START Available data

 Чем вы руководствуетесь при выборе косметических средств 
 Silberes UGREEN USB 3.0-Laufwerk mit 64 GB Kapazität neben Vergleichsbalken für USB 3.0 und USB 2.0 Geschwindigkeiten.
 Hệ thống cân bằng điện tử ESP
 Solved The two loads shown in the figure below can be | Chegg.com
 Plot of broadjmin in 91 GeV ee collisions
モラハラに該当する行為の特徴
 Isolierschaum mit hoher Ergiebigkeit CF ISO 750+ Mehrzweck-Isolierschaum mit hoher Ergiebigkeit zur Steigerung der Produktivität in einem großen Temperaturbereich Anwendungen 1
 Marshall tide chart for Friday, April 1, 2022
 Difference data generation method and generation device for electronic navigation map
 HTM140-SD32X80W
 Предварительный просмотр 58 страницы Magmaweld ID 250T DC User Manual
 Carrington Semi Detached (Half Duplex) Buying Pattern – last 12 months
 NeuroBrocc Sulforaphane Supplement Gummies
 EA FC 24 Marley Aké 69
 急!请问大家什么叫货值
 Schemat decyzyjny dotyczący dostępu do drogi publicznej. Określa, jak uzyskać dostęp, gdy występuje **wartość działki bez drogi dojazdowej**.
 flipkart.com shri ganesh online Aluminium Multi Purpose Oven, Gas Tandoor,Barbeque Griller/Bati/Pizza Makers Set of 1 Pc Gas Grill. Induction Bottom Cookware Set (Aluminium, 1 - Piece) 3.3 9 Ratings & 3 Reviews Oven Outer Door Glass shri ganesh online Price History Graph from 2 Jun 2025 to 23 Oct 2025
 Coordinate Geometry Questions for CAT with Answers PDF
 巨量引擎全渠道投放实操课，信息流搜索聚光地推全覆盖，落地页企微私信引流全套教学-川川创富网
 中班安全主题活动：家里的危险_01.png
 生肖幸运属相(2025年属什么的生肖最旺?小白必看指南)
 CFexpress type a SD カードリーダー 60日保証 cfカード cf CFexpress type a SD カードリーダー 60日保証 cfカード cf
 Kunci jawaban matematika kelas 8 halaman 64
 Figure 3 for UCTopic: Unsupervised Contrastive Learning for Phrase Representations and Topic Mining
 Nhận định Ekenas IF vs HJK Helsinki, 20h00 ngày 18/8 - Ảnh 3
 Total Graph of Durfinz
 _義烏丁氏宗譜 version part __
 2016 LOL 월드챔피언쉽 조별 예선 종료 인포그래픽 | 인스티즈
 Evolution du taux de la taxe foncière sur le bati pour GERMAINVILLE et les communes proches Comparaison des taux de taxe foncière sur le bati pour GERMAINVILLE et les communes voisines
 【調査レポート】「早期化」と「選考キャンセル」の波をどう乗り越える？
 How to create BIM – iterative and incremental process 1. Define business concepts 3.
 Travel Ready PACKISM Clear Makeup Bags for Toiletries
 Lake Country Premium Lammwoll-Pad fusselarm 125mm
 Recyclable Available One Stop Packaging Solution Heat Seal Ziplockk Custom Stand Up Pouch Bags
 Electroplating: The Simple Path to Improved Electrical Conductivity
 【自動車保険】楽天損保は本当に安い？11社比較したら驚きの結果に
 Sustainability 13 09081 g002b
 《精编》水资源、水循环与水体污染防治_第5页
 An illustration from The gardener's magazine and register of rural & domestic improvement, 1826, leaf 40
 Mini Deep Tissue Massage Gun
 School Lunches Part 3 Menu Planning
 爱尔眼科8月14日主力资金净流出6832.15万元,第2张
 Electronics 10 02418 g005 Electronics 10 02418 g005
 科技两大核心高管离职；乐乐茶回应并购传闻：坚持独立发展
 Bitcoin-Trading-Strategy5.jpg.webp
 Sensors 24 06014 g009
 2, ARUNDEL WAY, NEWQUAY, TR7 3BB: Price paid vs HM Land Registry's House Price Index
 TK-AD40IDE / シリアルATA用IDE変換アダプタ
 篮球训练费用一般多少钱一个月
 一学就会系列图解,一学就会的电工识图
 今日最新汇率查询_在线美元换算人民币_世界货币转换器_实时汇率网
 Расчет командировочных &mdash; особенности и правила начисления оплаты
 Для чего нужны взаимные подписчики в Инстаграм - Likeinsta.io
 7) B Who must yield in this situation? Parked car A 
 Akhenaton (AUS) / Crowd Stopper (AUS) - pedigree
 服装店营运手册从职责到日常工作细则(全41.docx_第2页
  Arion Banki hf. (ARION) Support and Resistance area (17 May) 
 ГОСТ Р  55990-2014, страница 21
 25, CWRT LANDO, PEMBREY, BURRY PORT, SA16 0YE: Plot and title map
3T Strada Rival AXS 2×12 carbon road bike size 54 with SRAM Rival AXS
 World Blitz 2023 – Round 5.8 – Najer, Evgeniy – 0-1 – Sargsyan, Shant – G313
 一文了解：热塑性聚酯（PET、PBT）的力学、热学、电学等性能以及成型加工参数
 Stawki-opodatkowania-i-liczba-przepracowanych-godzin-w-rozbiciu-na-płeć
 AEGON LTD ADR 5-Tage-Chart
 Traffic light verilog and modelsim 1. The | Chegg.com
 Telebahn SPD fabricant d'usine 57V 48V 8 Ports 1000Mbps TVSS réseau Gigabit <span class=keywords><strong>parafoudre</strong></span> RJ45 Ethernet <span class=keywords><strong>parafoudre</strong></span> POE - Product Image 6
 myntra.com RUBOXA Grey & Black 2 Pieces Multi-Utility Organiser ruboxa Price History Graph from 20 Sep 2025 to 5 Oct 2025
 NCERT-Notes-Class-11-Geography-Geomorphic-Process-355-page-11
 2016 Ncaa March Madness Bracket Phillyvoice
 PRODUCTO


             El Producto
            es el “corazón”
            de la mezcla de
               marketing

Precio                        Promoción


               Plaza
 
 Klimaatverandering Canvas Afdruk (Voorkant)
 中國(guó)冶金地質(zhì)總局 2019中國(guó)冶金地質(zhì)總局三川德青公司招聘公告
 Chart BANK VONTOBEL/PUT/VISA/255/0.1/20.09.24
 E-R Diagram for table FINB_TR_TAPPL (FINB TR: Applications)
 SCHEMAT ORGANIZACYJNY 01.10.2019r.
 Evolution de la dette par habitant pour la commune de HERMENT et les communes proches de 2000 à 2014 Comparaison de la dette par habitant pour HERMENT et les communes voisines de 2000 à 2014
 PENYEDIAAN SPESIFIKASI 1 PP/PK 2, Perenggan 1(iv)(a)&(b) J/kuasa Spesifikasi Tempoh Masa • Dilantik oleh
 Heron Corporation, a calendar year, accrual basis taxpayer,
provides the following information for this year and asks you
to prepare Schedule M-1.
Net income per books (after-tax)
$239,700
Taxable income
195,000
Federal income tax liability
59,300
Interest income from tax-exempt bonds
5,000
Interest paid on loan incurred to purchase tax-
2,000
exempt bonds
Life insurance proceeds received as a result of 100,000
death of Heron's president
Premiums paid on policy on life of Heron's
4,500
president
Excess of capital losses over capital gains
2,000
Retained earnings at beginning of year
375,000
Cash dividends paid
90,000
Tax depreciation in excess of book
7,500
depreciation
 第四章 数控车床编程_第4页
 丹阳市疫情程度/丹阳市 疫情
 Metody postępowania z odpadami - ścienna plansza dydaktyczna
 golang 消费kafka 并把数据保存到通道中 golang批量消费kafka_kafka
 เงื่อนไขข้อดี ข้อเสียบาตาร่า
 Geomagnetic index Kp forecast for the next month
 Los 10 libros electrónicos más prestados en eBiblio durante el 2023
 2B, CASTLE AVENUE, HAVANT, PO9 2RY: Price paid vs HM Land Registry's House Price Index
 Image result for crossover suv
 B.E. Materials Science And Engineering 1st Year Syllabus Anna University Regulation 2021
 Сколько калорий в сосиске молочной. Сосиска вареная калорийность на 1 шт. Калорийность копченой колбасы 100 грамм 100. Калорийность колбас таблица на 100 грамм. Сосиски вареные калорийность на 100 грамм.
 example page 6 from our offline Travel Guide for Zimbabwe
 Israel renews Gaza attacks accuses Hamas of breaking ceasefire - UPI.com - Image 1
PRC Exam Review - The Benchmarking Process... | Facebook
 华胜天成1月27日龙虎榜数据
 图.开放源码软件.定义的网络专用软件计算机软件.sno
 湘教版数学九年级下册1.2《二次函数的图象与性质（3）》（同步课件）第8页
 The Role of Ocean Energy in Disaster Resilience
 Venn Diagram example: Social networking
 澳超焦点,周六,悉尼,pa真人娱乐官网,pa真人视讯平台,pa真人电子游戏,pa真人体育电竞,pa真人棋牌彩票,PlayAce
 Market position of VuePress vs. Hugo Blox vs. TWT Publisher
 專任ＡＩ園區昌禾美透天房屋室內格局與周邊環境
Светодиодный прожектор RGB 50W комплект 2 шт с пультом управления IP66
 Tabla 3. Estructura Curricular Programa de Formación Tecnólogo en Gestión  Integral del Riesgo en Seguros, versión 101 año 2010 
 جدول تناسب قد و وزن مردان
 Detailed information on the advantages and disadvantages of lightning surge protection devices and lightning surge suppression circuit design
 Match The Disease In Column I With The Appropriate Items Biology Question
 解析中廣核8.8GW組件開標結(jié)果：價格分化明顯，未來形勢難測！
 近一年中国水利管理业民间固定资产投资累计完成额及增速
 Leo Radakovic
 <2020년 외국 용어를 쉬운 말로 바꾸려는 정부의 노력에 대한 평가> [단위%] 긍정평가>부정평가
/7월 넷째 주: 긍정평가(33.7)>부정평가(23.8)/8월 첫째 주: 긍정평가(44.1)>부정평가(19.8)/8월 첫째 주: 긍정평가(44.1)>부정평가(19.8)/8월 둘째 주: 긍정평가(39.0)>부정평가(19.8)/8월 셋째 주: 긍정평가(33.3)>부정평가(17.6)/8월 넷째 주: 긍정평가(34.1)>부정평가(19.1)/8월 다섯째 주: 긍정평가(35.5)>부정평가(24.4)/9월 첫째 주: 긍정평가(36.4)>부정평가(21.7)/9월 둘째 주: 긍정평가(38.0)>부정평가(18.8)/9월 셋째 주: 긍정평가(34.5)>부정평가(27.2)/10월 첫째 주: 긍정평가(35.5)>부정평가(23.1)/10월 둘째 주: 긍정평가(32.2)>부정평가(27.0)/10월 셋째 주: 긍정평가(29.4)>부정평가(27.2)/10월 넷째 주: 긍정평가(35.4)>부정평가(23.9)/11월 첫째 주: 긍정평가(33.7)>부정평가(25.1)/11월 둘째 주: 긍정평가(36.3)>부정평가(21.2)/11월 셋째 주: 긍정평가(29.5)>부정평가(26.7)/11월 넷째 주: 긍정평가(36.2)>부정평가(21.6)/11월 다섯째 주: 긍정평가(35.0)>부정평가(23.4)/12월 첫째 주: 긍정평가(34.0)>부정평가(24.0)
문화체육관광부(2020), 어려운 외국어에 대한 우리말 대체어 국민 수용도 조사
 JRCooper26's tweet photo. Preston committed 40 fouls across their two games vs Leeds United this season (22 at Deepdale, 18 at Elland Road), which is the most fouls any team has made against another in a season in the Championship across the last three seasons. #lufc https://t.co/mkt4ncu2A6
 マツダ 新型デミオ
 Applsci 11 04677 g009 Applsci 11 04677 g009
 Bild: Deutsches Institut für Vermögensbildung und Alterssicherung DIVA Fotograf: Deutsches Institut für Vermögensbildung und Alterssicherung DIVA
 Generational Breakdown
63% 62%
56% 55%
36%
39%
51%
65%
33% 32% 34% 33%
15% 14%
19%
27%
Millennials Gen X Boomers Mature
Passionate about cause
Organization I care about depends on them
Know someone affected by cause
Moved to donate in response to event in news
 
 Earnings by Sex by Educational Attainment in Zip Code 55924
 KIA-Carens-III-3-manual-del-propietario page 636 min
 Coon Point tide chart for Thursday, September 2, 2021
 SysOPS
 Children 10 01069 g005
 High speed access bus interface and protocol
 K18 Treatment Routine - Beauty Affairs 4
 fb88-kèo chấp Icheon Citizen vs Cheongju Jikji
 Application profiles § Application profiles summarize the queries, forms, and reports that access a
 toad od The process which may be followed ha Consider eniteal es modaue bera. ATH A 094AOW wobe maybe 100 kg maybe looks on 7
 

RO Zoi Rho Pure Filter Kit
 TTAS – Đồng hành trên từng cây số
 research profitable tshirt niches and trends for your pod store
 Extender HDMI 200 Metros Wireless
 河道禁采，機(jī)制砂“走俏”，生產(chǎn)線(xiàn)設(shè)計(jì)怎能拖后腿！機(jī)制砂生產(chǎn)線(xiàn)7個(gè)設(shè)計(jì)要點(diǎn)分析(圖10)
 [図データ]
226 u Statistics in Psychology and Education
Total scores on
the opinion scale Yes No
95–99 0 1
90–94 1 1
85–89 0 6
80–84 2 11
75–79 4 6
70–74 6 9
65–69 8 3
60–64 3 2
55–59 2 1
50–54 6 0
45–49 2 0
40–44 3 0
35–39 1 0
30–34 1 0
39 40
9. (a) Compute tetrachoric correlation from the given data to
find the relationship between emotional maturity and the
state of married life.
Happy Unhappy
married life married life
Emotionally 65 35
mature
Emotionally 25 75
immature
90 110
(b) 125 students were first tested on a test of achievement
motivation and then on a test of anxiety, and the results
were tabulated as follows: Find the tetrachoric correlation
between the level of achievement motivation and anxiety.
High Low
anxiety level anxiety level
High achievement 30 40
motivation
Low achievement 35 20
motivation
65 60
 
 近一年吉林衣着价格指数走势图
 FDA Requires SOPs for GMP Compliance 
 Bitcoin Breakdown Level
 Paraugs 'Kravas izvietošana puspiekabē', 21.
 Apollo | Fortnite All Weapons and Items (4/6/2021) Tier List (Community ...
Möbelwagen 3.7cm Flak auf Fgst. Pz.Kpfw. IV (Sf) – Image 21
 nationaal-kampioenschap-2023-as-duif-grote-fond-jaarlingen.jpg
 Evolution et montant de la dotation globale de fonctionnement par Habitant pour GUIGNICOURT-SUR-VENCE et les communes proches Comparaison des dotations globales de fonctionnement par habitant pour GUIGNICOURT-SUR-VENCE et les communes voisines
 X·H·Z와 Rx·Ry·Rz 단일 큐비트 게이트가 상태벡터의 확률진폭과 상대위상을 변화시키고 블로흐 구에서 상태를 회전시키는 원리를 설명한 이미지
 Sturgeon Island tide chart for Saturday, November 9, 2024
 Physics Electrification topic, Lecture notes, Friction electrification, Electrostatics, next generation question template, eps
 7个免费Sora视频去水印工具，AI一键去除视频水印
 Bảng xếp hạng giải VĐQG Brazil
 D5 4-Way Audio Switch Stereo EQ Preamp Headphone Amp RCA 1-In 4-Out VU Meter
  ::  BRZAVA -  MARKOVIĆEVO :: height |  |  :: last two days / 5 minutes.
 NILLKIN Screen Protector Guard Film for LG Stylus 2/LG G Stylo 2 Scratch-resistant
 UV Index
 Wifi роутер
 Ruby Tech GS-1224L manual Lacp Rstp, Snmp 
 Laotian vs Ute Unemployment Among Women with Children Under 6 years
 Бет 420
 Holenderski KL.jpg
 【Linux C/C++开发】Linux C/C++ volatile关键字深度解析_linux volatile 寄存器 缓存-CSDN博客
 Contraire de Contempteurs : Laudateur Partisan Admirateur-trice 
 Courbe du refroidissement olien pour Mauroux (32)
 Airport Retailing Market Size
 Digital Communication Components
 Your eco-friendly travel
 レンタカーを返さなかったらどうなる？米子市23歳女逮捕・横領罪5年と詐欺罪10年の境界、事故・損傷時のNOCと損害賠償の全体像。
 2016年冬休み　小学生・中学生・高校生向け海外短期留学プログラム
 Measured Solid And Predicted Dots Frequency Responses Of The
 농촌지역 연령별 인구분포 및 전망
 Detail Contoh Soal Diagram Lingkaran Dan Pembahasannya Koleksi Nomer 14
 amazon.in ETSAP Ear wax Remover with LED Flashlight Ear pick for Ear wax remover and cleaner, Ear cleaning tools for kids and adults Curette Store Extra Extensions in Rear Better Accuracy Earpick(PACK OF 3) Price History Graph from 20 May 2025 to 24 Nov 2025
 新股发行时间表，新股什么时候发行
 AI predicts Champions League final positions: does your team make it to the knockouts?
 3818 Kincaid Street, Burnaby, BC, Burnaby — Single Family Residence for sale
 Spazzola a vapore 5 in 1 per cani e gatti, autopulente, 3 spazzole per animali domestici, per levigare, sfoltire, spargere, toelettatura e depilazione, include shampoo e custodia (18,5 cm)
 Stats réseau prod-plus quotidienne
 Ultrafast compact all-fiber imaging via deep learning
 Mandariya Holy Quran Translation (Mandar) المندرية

END Available data

Every line above from the line with "33% 32% 34% 33%" to the line with "Earnings by Sex" is wanted, ends included; write them out exactly and add no other line.

#### Task output
33% 32% 34% 33%
15% 14%
19%
27%
Millennials Gen X Boomers Mature
Passionate about cause
Organization I care about depends on them
Know someone affected by cause
Moved to donate in response to event in news
 
 Earnings by Sex by Educational Attainment in Zip Code 55924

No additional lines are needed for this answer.